Elle est seule sur scène avec pour seul décor, seul accessoire, une chaise rouge en plastique. Un sourire radieux illumine son visage et dévoile « les dents de la chance ». Sous cette lumière qui irradie le plateau, point un récit, souvent dur, parfois drôle, le récit d’une petite fille née en Haute-Volta, devenu aujourd’hui Burkina Faso, élevée par sa mère et qui n’a jamais été reconnue par son père, qui habitait pourtant à quelques maisons de là, dans le même quartier pauvre de Ouagadougou.
A cinq ans, elle part retrouver sa grand-mère parce qu’elle ne comprend pas pourquoi sa mère ne veut pas qu’elle se fasse exciser. Cette dernière intervient à temps pour empêcher la cérémonie, ce dont Edoxi lui est toujours reconnaissante aujourd’hui.
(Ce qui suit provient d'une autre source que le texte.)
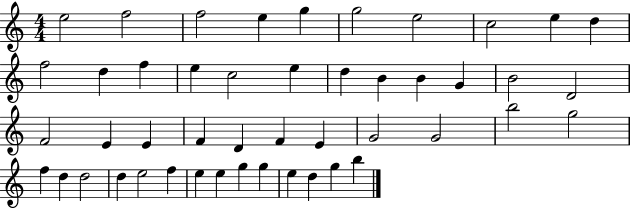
X:1
T:Untitled
M:4/4
L:1/4
K:C
e2 f2 f2 e g g2 e2 c2 e d f2 d f e c2 e d B B G B2 D2 F2 E E F D F E G2 G2 b2 g2 f d d2 d e2 f e e g g e d g b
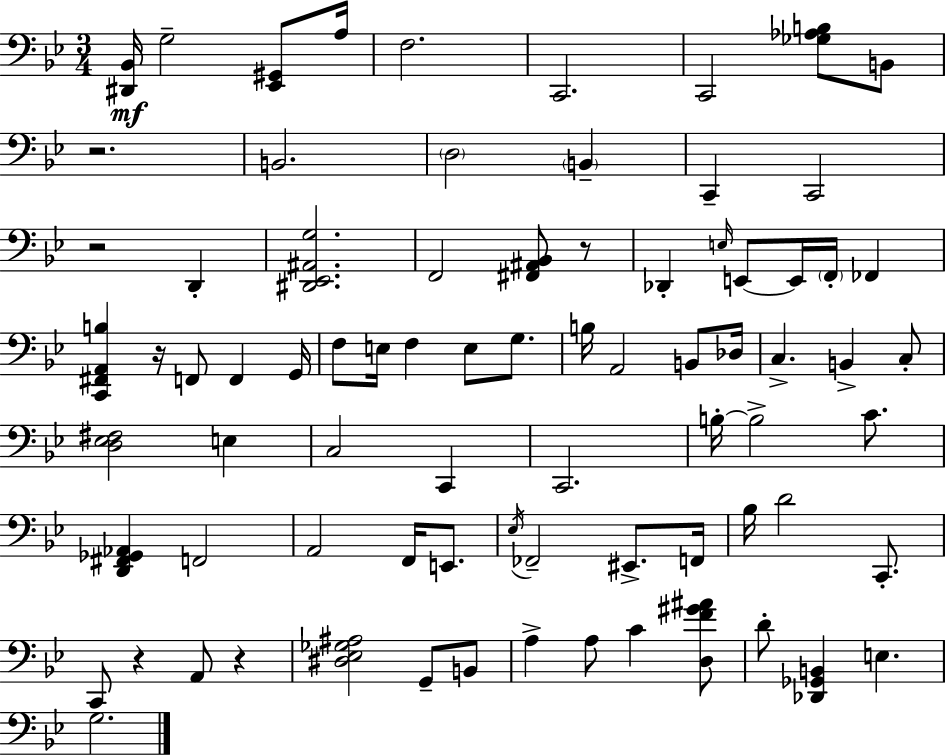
X:1
T:Untitled
M:3/4
L:1/4
K:Bb
[^D,,_B,,]/4 G,2 [_E,,^G,,]/2 A,/4 F,2 C,,2 C,,2 [_G,_A,B,]/2 B,,/2 z2 B,,2 D,2 B,, C,, C,,2 z2 D,, [^D,,_E,,^A,,G,]2 F,,2 [^F,,^A,,_B,,]/2 z/2 _D,, E,/4 E,,/2 E,,/4 F,,/4 _F,, [C,,^F,,A,,B,] z/4 F,,/2 F,, G,,/4 F,/2 E,/4 F, E,/2 G,/2 B,/4 A,,2 B,,/2 _D,/4 C, B,, C,/2 [D,_E,^F,]2 E, C,2 C,, C,,2 B,/4 B,2 C/2 [D,,^F,,_G,,_A,,] F,,2 A,,2 F,,/4 E,,/2 _E,/4 _F,,2 ^E,,/2 F,,/4 _B,/4 D2 C,,/2 C,,/2 z A,,/2 z [^D,_E,_G,^A,]2 G,,/2 B,,/2 A, A,/2 C [D,F^G^A]/2 D/2 [_D,,_G,,B,,] E, G,2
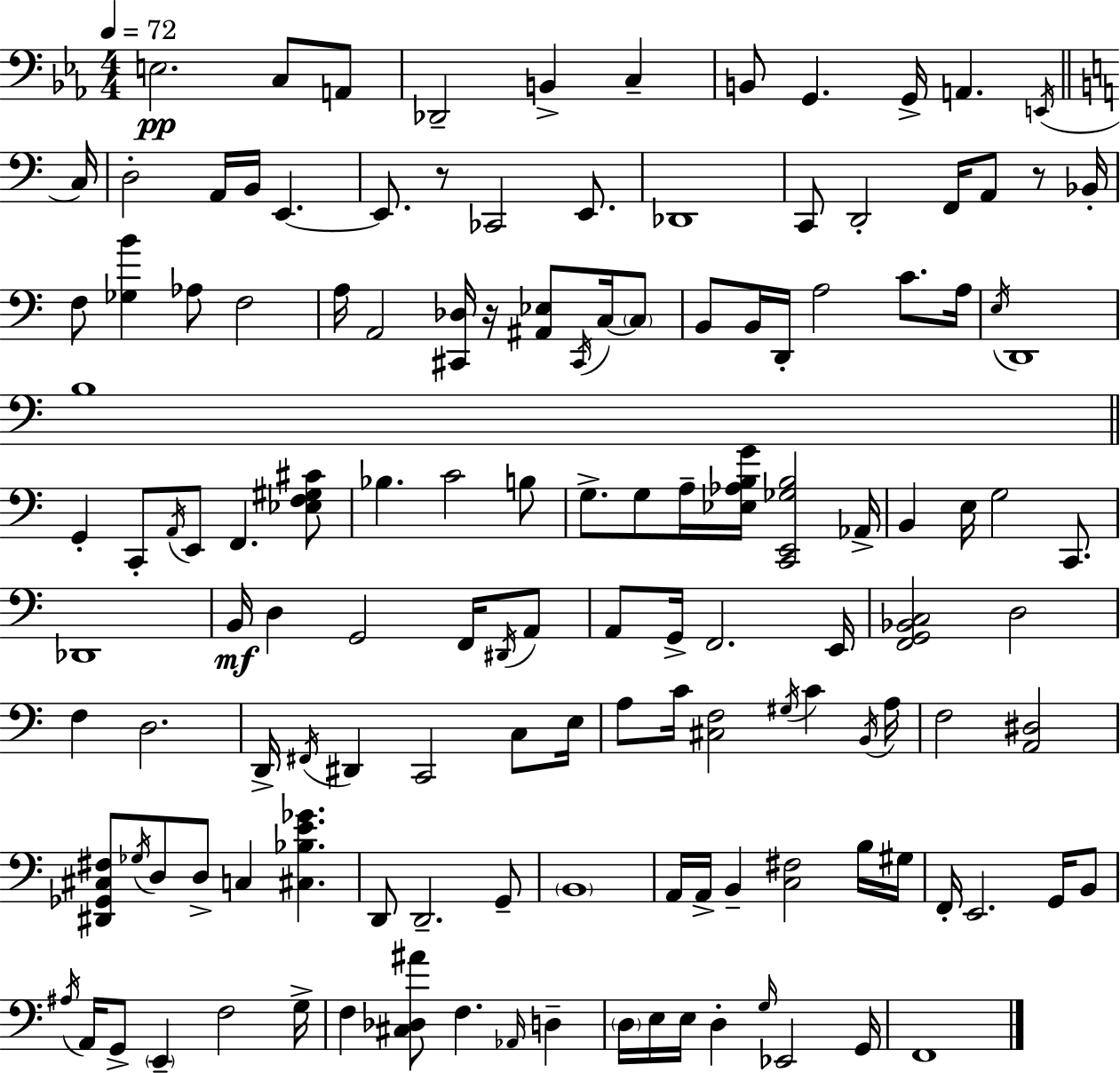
X:1
T:Untitled
M:4/4
L:1/4
K:Cm
E,2 C,/2 A,,/2 _D,,2 B,, C, B,,/2 G,, G,,/4 A,, E,,/4 C,/4 D,2 A,,/4 B,,/4 E,, E,,/2 z/2 _C,,2 E,,/2 _D,,4 C,,/2 D,,2 F,,/4 A,,/2 z/2 _B,,/4 F,/2 [_G,B] _A,/2 F,2 A,/4 A,,2 [^C,,_D,]/4 z/4 [^A,,_E,]/2 ^C,,/4 C,/4 C,/2 B,,/2 B,,/4 D,,/4 A,2 C/2 A,/4 E,/4 D,,4 B,4 G,, C,,/2 A,,/4 E,,/2 F,, [_E,F,^G,^C]/2 _B, C2 B,/2 G,/2 G,/2 A,/4 [_E,_A,B,G]/4 [C,,E,,_G,B,]2 _A,,/4 B,, E,/4 G,2 C,,/2 _D,,4 B,,/4 D, G,,2 F,,/4 ^D,,/4 A,,/2 A,,/2 G,,/4 F,,2 E,,/4 [F,,G,,_B,,C,]2 D,2 F, D,2 D,,/4 ^F,,/4 ^D,, C,,2 C,/2 E,/4 A,/2 C/4 [^C,F,]2 ^G,/4 C B,,/4 A,/4 F,2 [A,,^D,]2 [^D,,_G,,^C,^F,]/2 _G,/4 D,/2 D,/2 C, [^C,_B,E_G] D,,/2 D,,2 G,,/2 B,,4 A,,/4 A,,/4 B,, [C,^F,]2 B,/4 ^G,/4 F,,/4 E,,2 G,,/4 B,,/2 ^A,/4 A,,/4 G,,/2 E,, F,2 G,/4 F, [^C,_D,^A]/2 F, _A,,/4 D, D,/4 E,/4 E,/4 D, G,/4 _E,,2 G,,/4 F,,4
Sa mère qui a pris en charge seule ses cinq enfants, tous de pères différents, refusant d’avorter et, surtout, refusant le chantage « tu me laisses l’enfant ou tu te débrouilles sans mon aide ». Injustice faite aux femmes mais aussi aux enfants.
Le récit d’Edoxi est le récit d’une fille « bâtarde » en quête de son identité, un récit où « la place du père est le centre de la distance », mais aussi le récit de l’émancipation de la femme à la manière d’entraves aux pieds. Sa mère, petite femme d’apparence fragile, a toujours montré à ses enfants qu’il fallait prendre ses responsabilités, assumer son « statut » de femme indépendante. Elle qui multipliait les petits boulots -si tant est que l’on puisse parler de boulots -, vendre de la soupe, ramasser les plastiques ou du sable, pour arriver à boucler les fins de semaines où l’on ne mangeait qu’une fois par jour.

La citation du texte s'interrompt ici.